Sou um Crime – Nascer e crescer no Apartheid, é a tradução portuguesa (lida aqui na edição da Tinta da China) do primeiro livro do comediante Trevor Noah. Apesar de centrar-se bastante na sua história pessoal, não é bem uma autobiografia, mas antes um relato na primeira pessoa do que significou crescer mulato na África do Sul dos anos 80/90.

O título é literal sem o ser, na medida em que efectivamente o casamento “misto” era crime e punível com pena de prisão, e o nascimento e a cor de pele de Trevor eram a prova cabal do crime consumado pelo seu pai branco e a sua mãe preta.

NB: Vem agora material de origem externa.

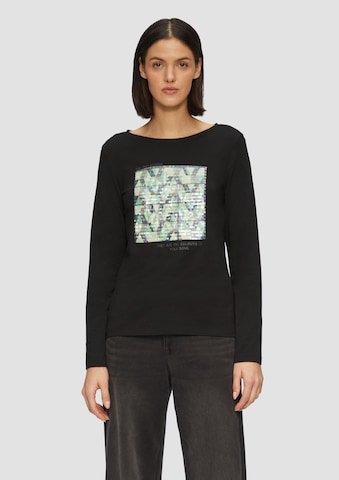T-shirt s.Oliver en noir : devant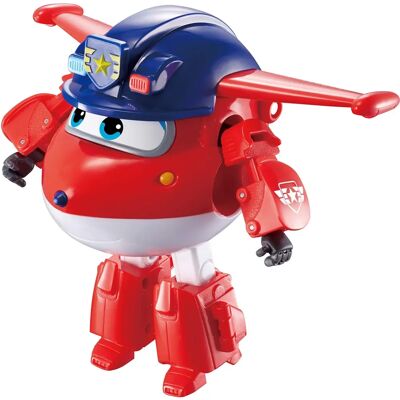 Super Wings Jett Verwandlungsfahrzeug - Polizei-Serie Super Wings Jett Verwandlungsfahrzeug - Polizei-Serie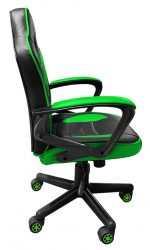 Ігрове крісло COBRA JUNIOR, зелений і чорний - Зображення 3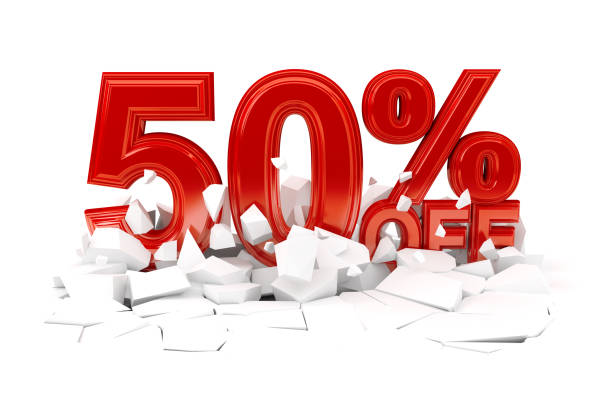 istock Percent off discount sale - 3d render 1161863208
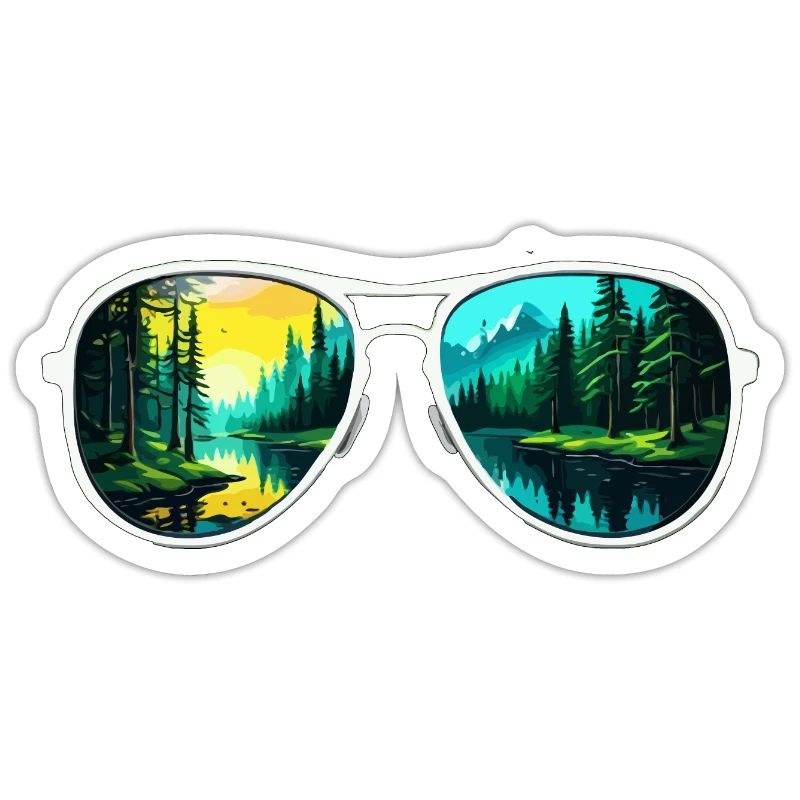 Sunglasses / Reflection / Forest / Reflection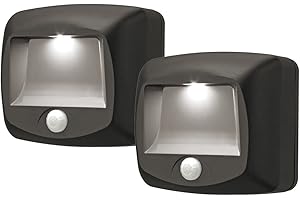 Mr Beams MB522 – Pack of 2 LED Lights for Ladder/Ladders with Motion Detection Indoor/Outdoor a Battery, Brown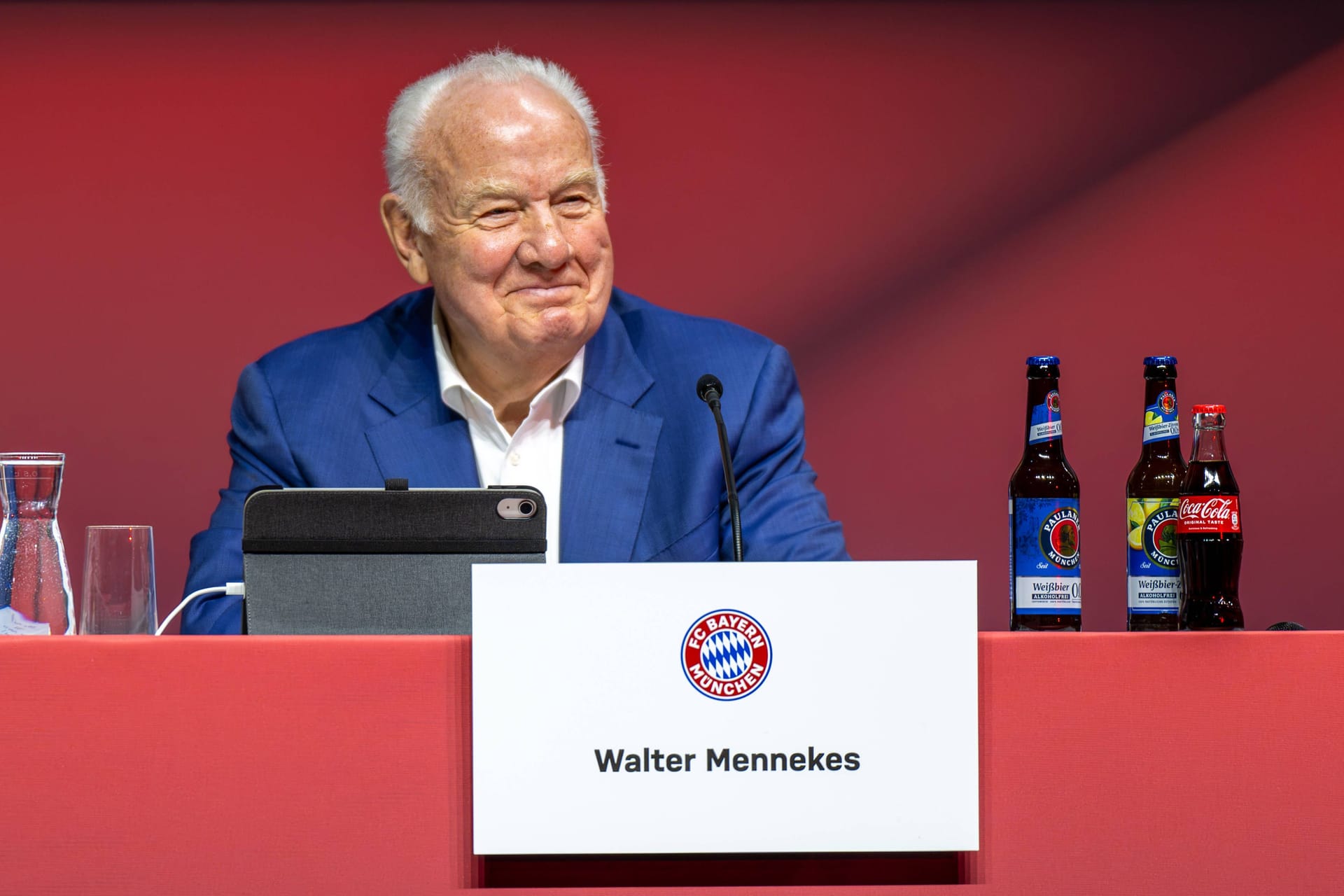 Walter Mennekes, zweiter Vizepräsident des FC Bayern.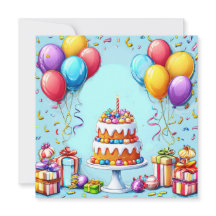 arte colorida de festa de aniversário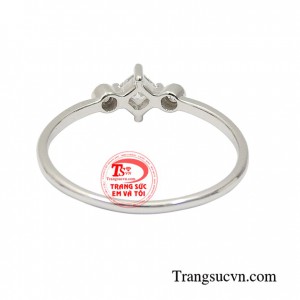 Nhẫn nữ vàng trắng cao cấp, giao hàng toàn quốc.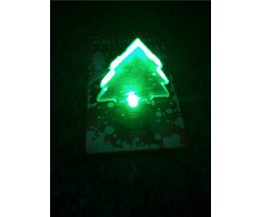 3D-Weihnachtskarte Mit LED-Licht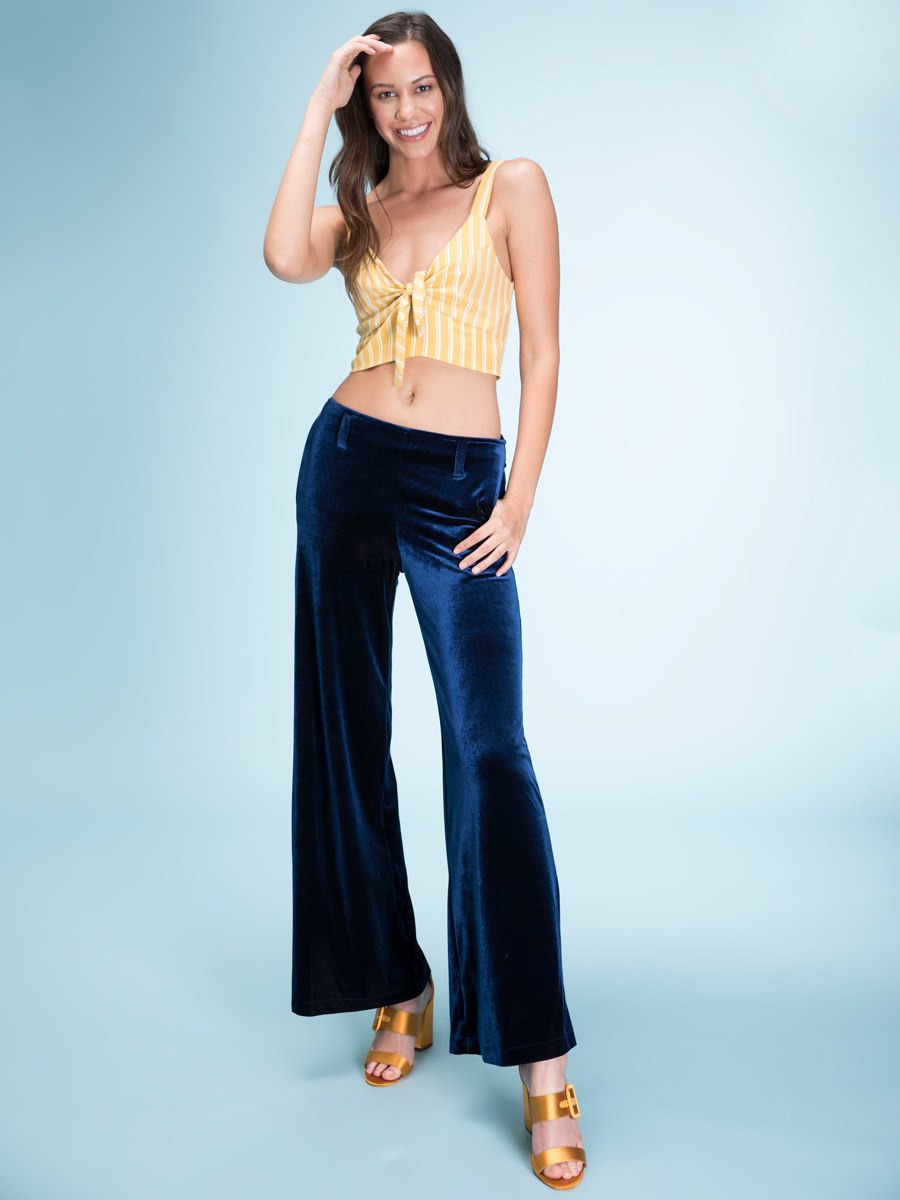 Legends & Vibes Seville Velvet Pant | Vegan Scene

Nele aprendemos imenso sobre o absurdo que era o regime do apartheid , desmontado aqui com essa arma tremendamente poderosa que é o humor, que ao ridicularizar o tema torna leve a leitura do seu rol de atrocidades, sem nunca perder o tom mordaz e desafiador, não só em relação ao passado quanto a muito do que ainda se passa hoje em dia pelo mundo no que diz respeito às desigualdades sociais.

Fácil e divertido de ler, é também de salientar a verdadeira e sentida ode que o livro é à sua mãe, Patricia Noah, uma mulher tremendamente à frente do seu tempo e espaço, e talvez a grande responsável pela sua mentalidade de desafio (e por estar onde está).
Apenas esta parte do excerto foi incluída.